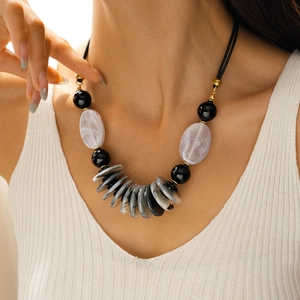 Detail of beaded leather necklace with oval acrylic pendant on model collarbone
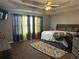 A neutral bedroom has a king size bed with an upholstered headboard and a carpeted floor at 989 Park Knoll Ct, Lawrenceville, GA 30043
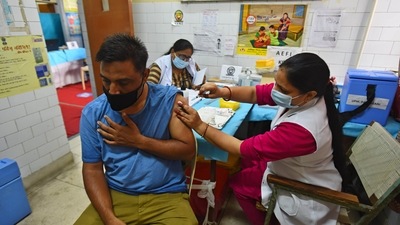 A healthcare worker administering a dose of Covid-19 vaccine to a beneficiary, at a government dispensary in New Delhi. (Raj K Raj / HT Photo)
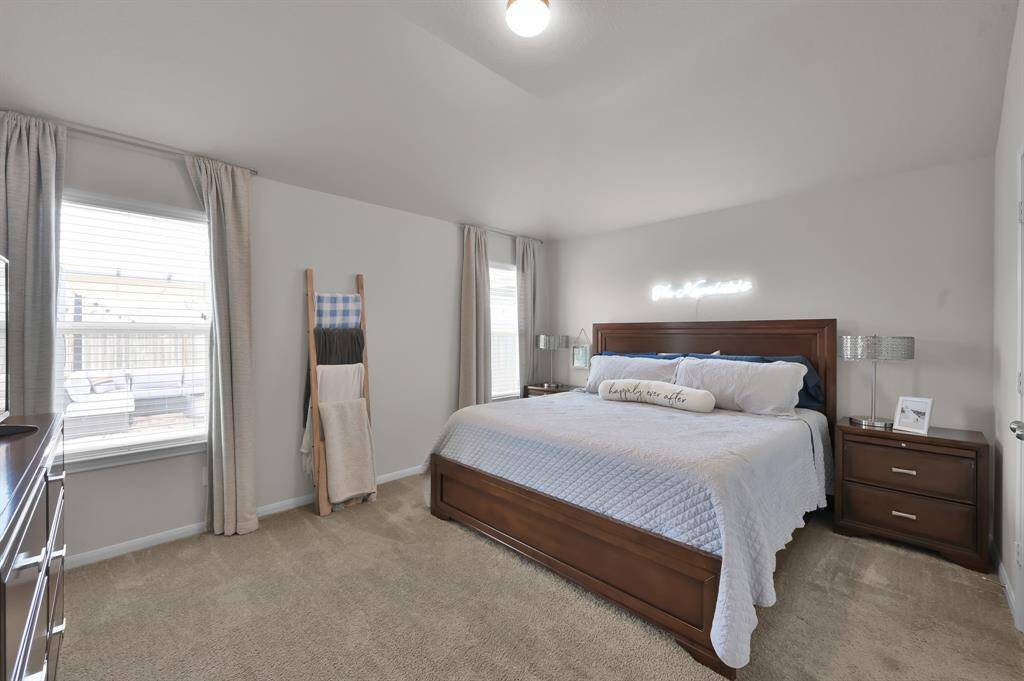 This spacious bedroom features a king size bed with plenty of extra room.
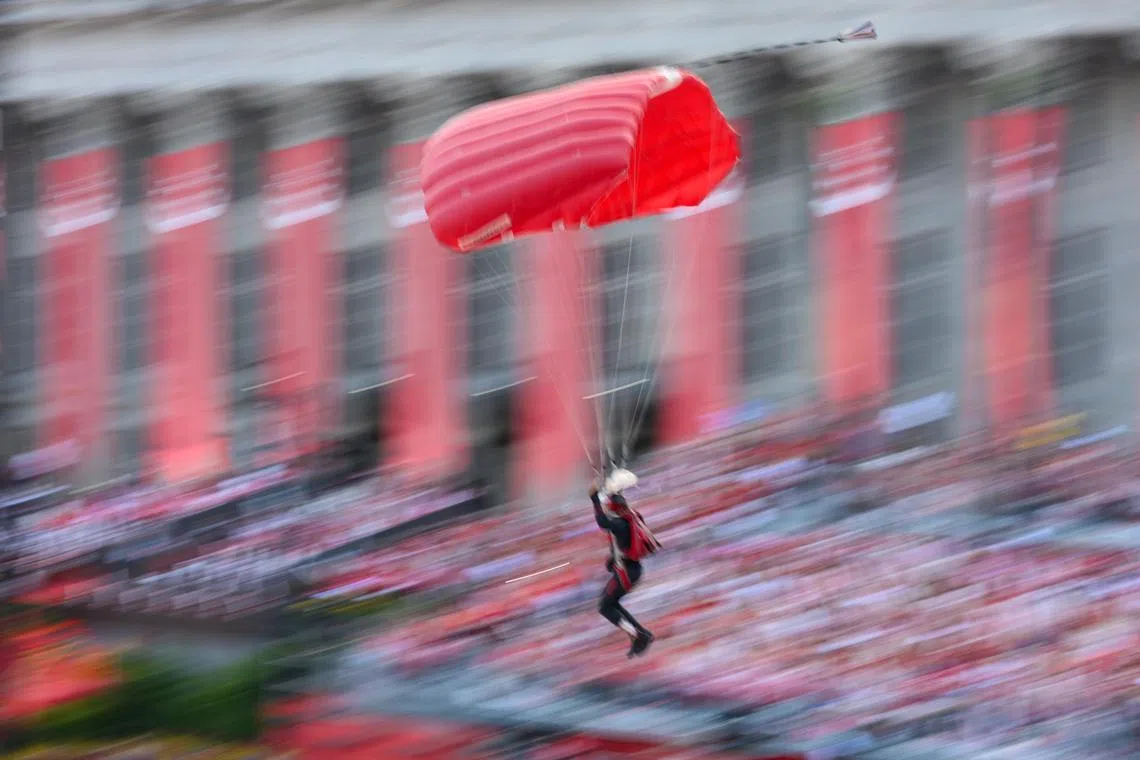 Red Lions parachuting to the Padang for the National Day Parade on Aug 9, 2025. ST PHOTO: SHINTARO TAY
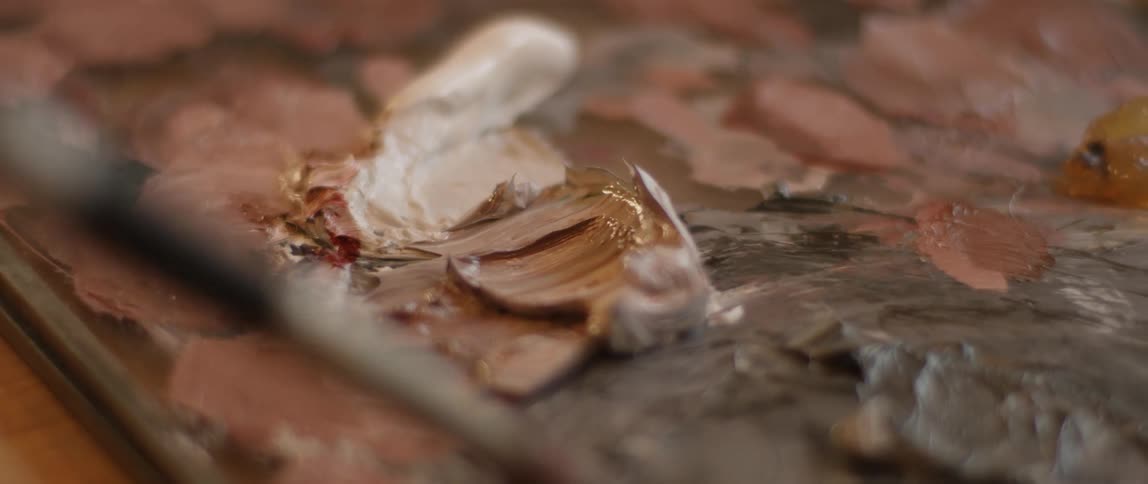 Artist's paintbrush spreads the paint on a painting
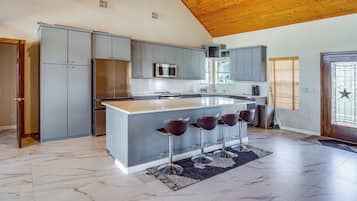 A modern kitchen with grey cabinets, a stainless steel refrigerator, a microwave, and a large island with bar stools.
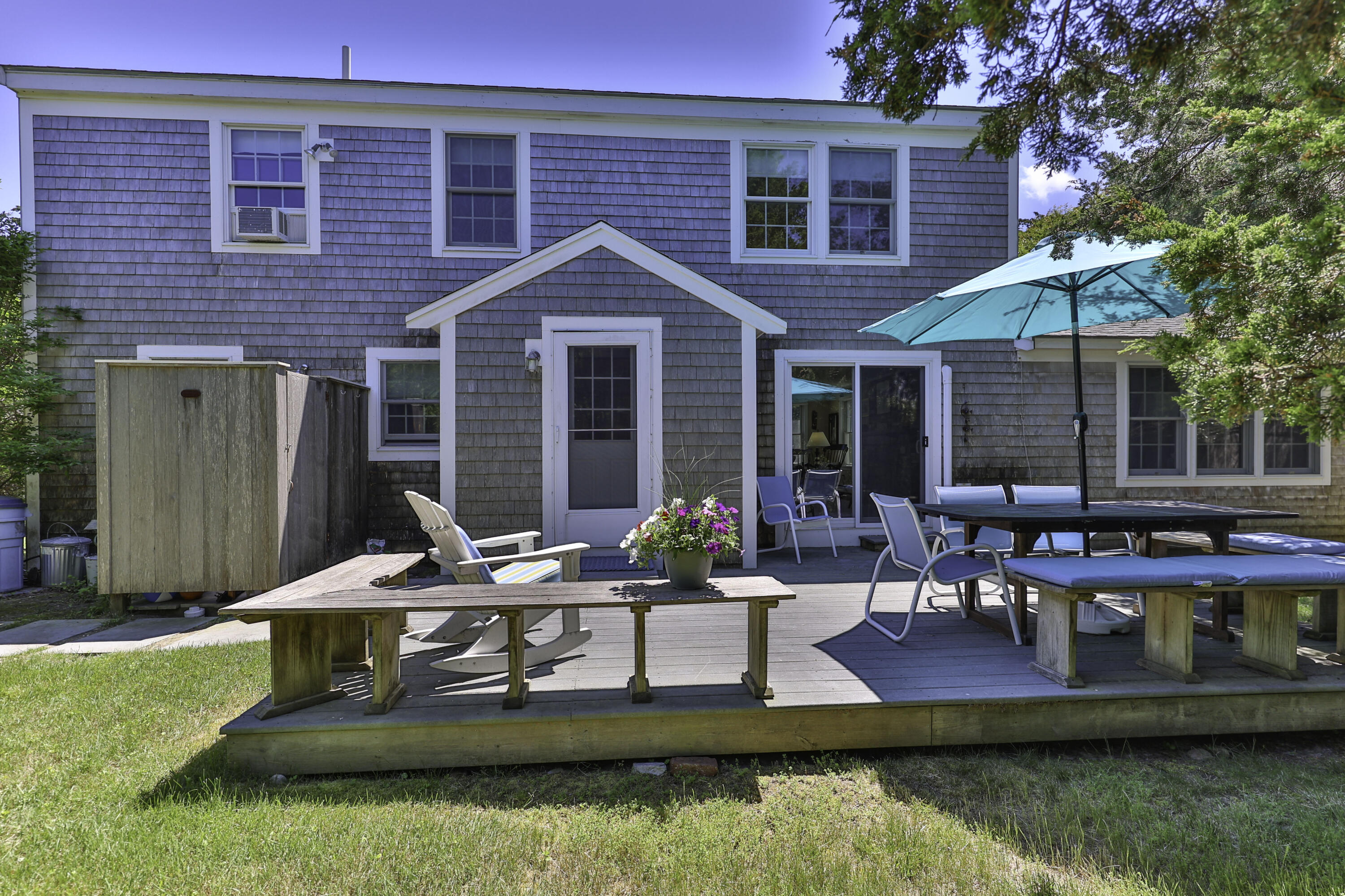 15 Doane Way Orleans, MA 02653 - Photo 29 of 54 a view of a house with swimming pool and furniture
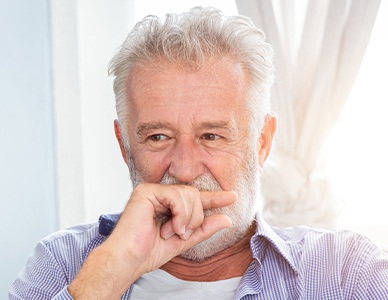 Man missing all teeth covering his smile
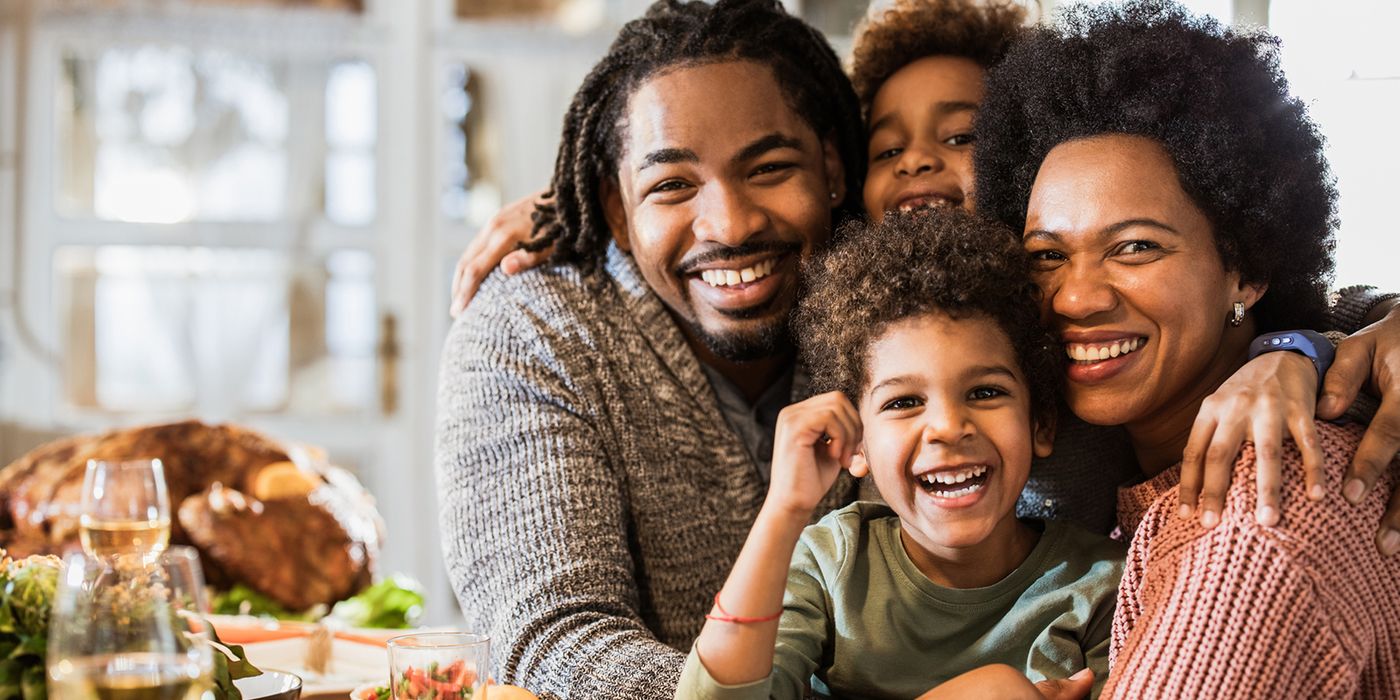smiling family enjoying Thanksgiving dinner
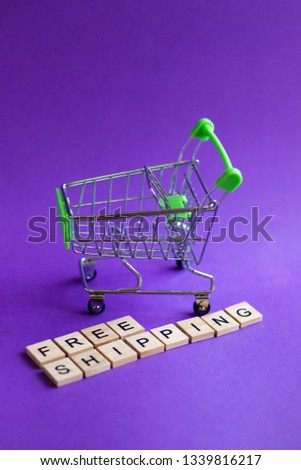 Empty shopping basket with words free shipping on blue background, free shipping 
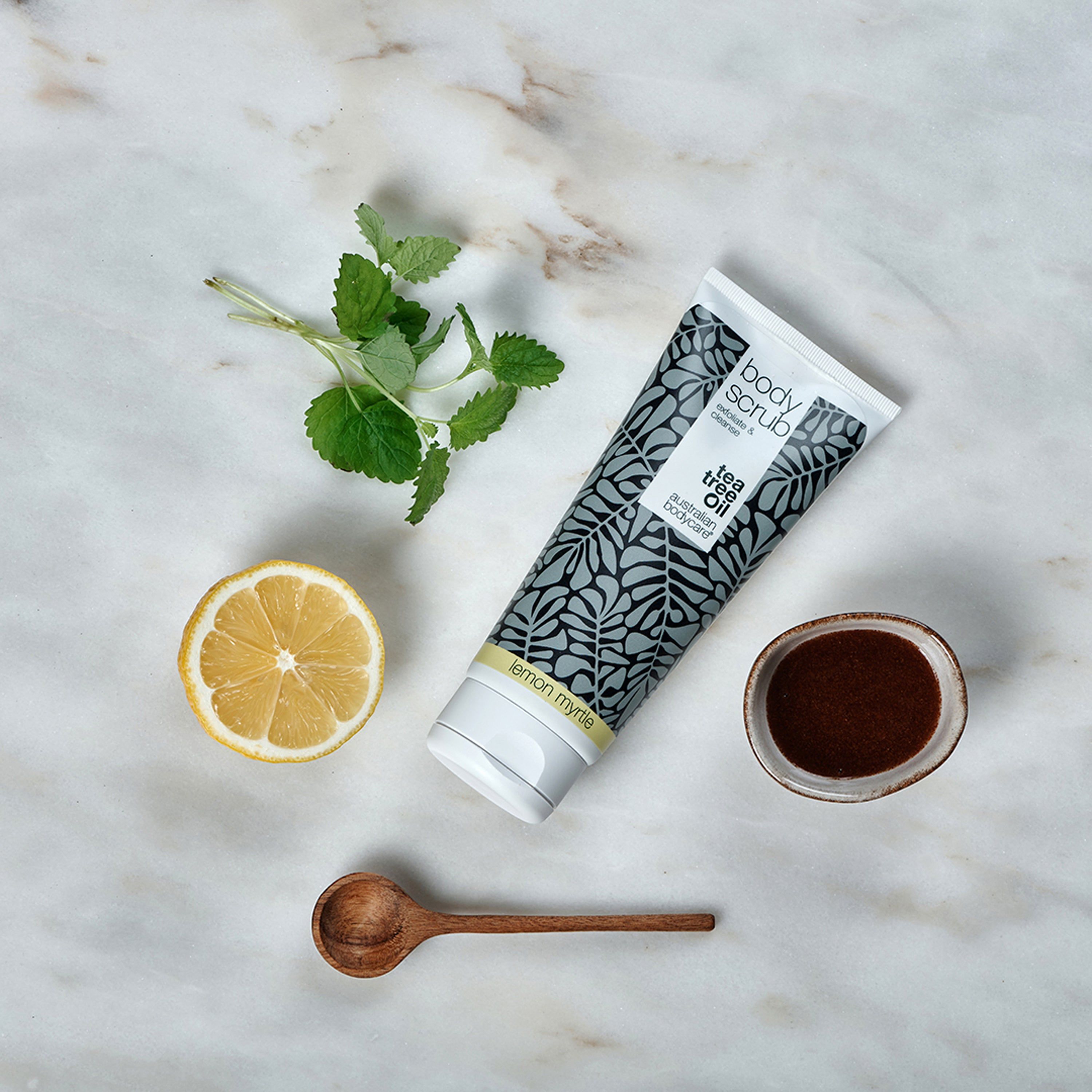 Tube de gommage corporel, citron, menthe et cuillère en bois sur marbre. Inscription : Body Scrub, Australian Bodycare.
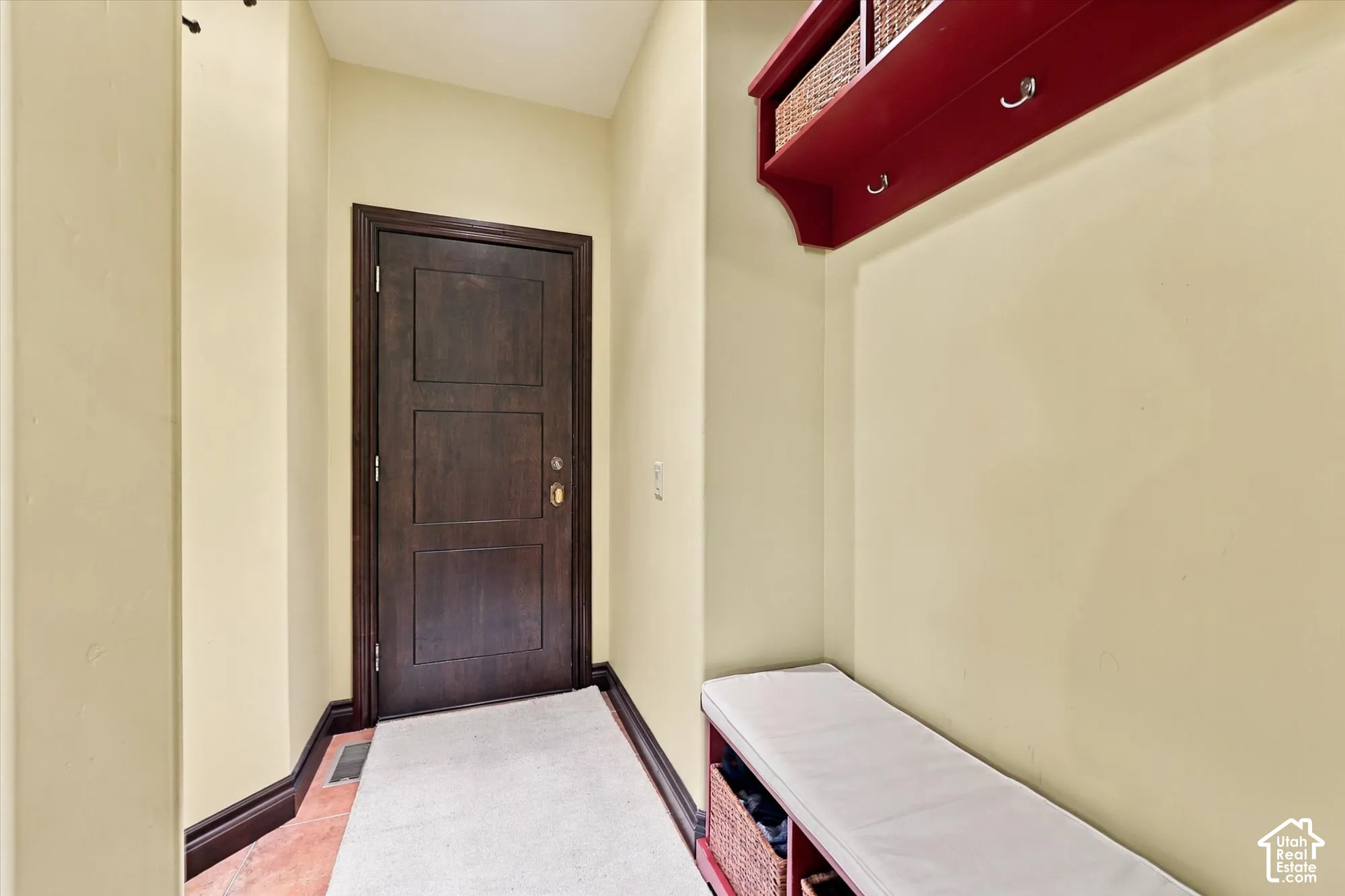 Entryway featuring a dark-stained wood door, wall-mounted storage unit with integrated coat hooks, and built-in bench seating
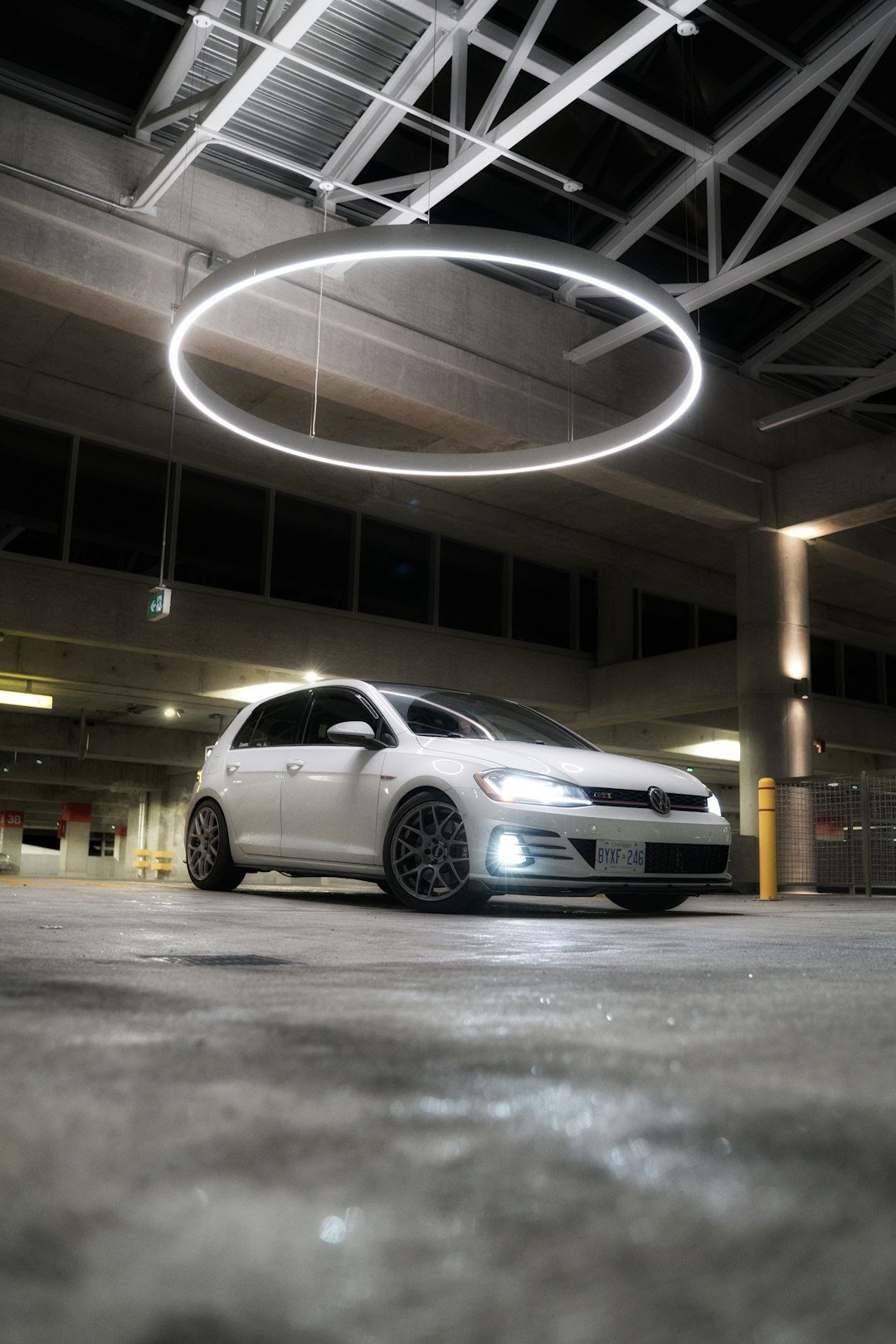 a-white-car-parked-in-a-parking-garage-lz4rg6c46lw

____________________

- Problem: Above are the records; repeat their lines from the first through the line containing "Artist's paintbrush spreads", and leave out each picture.

- Exercise answer:
 Detail of beaded leather necklace with oval acrylic pendant on model collarbone
 A neutral bedroom has a king size bed with an upholstered headboard and a carpeted floor at 989 Park Knoll Ct, Lawrenceville, GA 30043
 A healthcare worker administering a dose of Covid-19 vaccine to a beneficiary, at a government dispensary in New Delhi. (Raj K Raj / HT Photo)
 This spacious bedroom features a king size bed with plenty of extra room.
 Red Lions parachuting to the Padang for the National Day Parade on Aug 9, 2025. ST PHOTO: SHINTARO TAY
 Artist's paintbrush spreads the paint on a painting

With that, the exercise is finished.